About
10 years ago, Naya Raines woke with a start, sat upright,
and said out loud: “I think I need to weave.”
She had not consciously desired to weave or seriously considered
weaving before this sudden outburst. Shortly thereafter, she
took a Navajo weaving workshop on the reservation which she
lived. And although over the years she has appropriated new
methods, techniques and styles, she has continued to weave
with passion and a love for the art until this day.
Weaving is virtually as old and as enduring as human civilization
itself. There is evidence that the Egyptians, 5000 years ago,
made special tapestries for the pharaohs in select colors
and patterns signifying their royal and spiritual heritage.
Ancient Greek pottery, from 540 BCE, portrays women weaving
cloth on large looms in the name of Athena, goddess of weaving
as well as war. The Navajo, or the Diné people, learned
weaving from Pueblo refugees in the late seventeenth century,
but quickly developed their own style and refinements to the
craft of weaving, allowing their weavings to express their
stories, histories and their culture.
Like
the Navajo, from which she learned to weave, Raines appreciates
weaving as a holistic process, combining mind, body, emotions
and spirit into the craft. The art of weaving express her
self, her story and her environment. For example, Raines began
working on “ Ciaramallow’s Dream” while
she lived at the ocean. The colors and the forms started out
as ocean waves: the blues and purples smeared together like
the many colors of the ocean and the interplay of light. Wave
forms appeared on the tapestry in the form of white, bubbling
crests. In mid-tapestry, Raines moved to the Southwest, where
she continued the tapestry. A transformation happened, however,
and her waves
began to morph into dancing figures like Kachina and the tapestry
took on a whole new appearance, reflecting Raines’ internal
and external transition to a new environment. The art and
process of weaving gives Raines a lot of pleasure. The actual
weaving is simple to learn and therefore the process is calm,
rhythmic and meditative. Raines added that in the process
of weaving and creating she feels most connected to God or
to a Higher Order. And therefore, weaving gives her satisfaction
and spiritual fulfillment, as well as a creative outlet.
Being a figurative and
representational painter, myself, one of my main questions
to Raines was how she came up with her free form, asymmetrical
designs.

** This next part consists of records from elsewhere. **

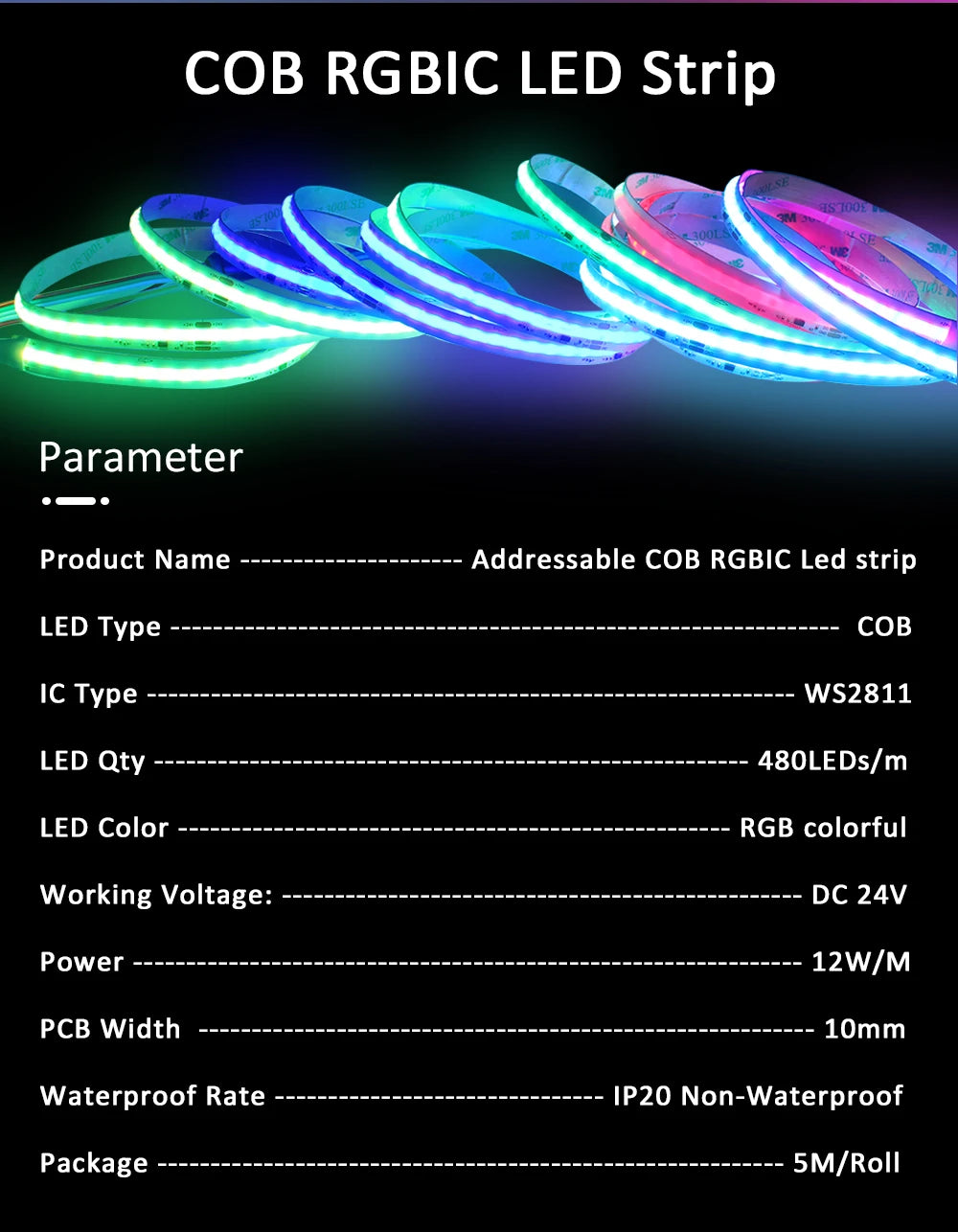 WS2811 COB RGBIC LED Strip DC24V 5M 10M 20M 30M RGB IC Horse Running Water Flowing Lights Tape Diode Ribbon Room Decoration Lamp
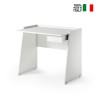 Contemporary træ skrivebord hvid med skuffe 90x60 cm bordplade kontor På Tilbud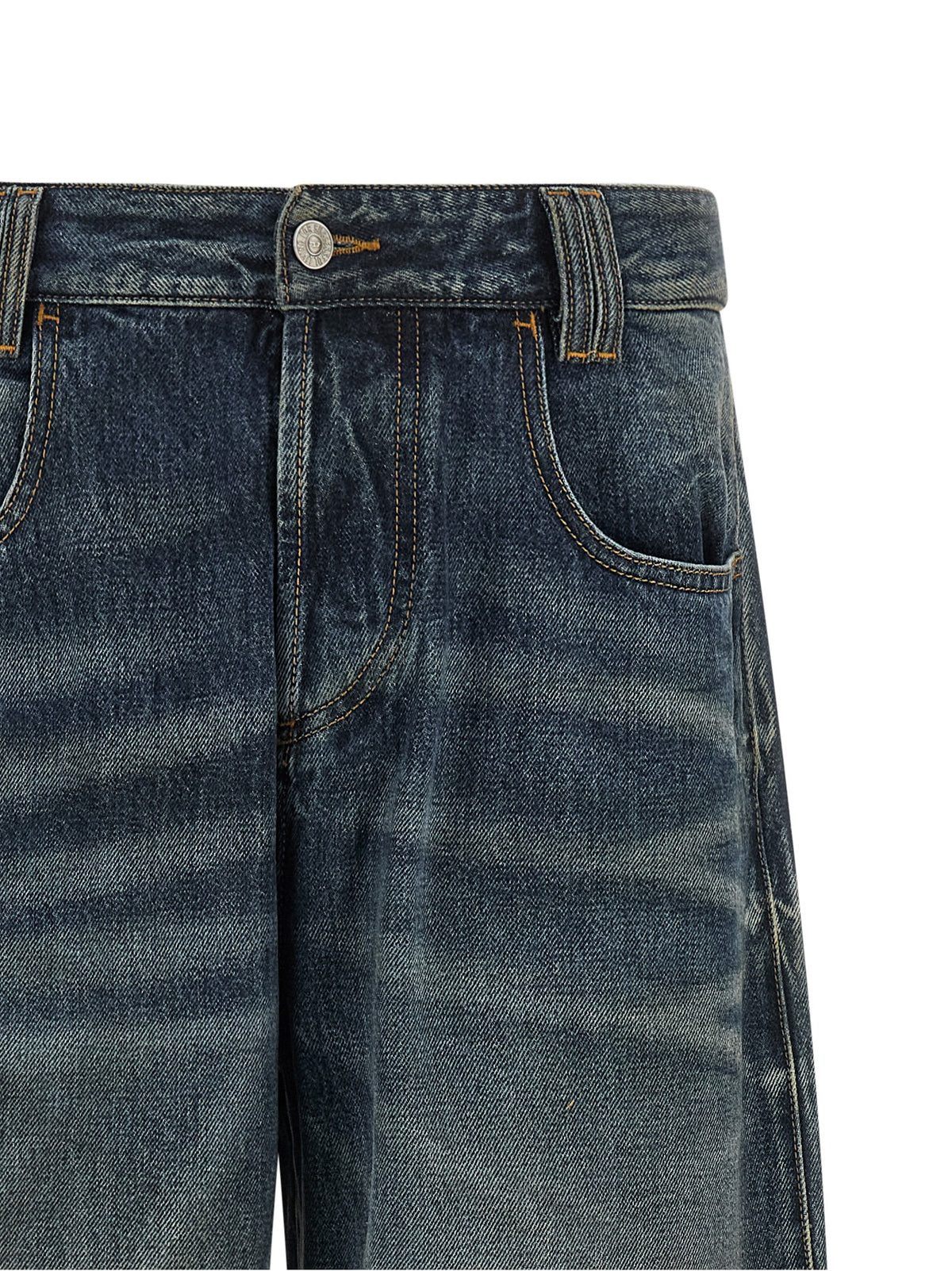 Diesel Blue Cotton Relaxed Fit Jeans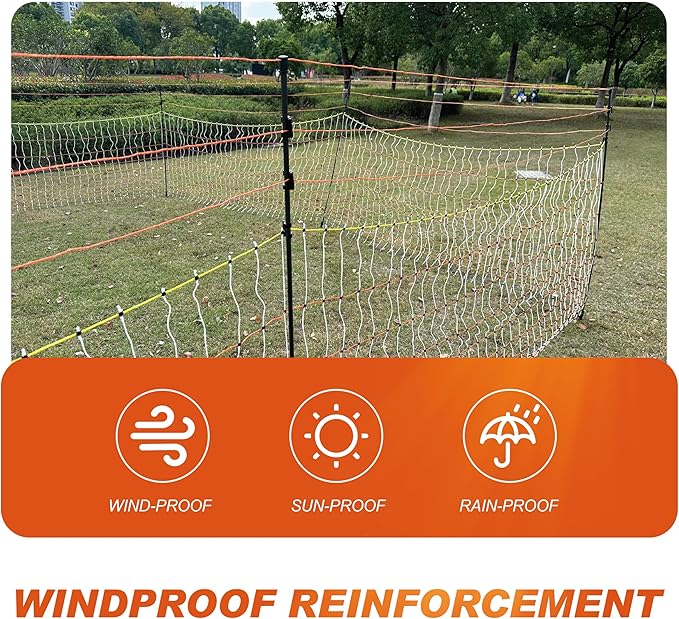 Poultry Electric Netting Fence - 41.3''H (can be Manually Raised to 53.1''H) x 98.5'L for Flying Chicken, Sheep, Goats in Farms, Ranches and Gardens, PK1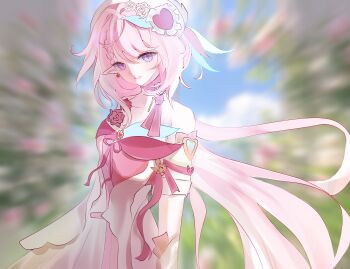 1girl absurdres bare_shoulders beret breasts chinese_commentary commentary_request diamond-shaped_pupils diamond_(shape) dress earrings elf elysia_(hi_love_elf)_(honkai_impact) elysia_(honkai_impact) emphasis_lines hat heart heart_earrings highres honkai_(series) honkai_impact_3rd jewelry large_breasts long_hair looking_at_viewer mo_gangzi pink_hair pointy_ears purple_eyes red_dress smile solo symbol-shaped_pupils very_long_hair white_dress white_hair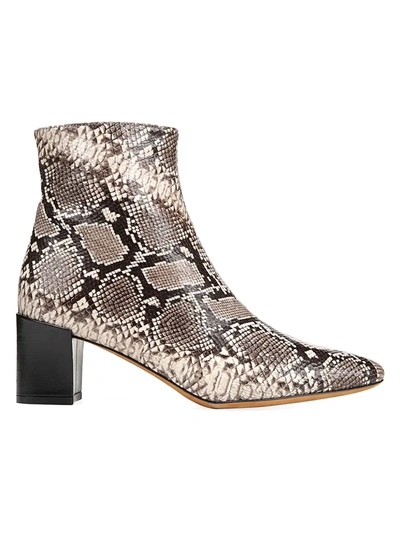 Shop Vince Women's Lanica Python-embossed Leather Ankle Boots In Natural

She originally learned to draw out her designs first
by making a cartoon, a preliminary, finished sketch, which
gets pinned to the loom for guidance. But as she progressed
in weaving found herself diverging from the pattern. She enjoys
the organic detours and mysterious results of this intuitive
and unplanned process. And thus she began weaving free-form
designs without the aid of a preliminary pattern. However,
Raines picks the color scheme before she begins. Yet she does
not
limit herself from adding additional colors and fibers as
her tapestry progresses. Such is the case for her tapestry
weaving entitled “Dreaming”. In “Dreaming”,
Raines begins the weaving using hot reds, oranges, and yellows.
But as she progresses in the tapestry she intuits that the
piece calls for violets and greens and adds these new colors
for balance and harmony. The end result is a vibrant mindscape
of shapes and figures and colors that play to the active imagination.
There appears to be a
narrative quality to Raines’ tapestries. Rather than
being about the design or pattern, the irregular shapes move
in a dynamic that silently expresses a story or an emotion.
The shapes, although not necessarily identifiable, speak an
archetypal language, which articulates some form of psychical
meaning. And perhaps that is what abstract art aims to achieve,
expressing some fundamental and essential meaning without
literal form or subject. In addition, Raines’ tapestry
weavings are a literal and figurative manifestation of her
relationship to Spirit. And thus, through her process of connecting
to a Divine Source through weaving, her tapestries cannot
help but represent the mode of their creation. In other words,
the underlying meaning or narrative of the tapestry weavings
express the story deep spiritual connecting.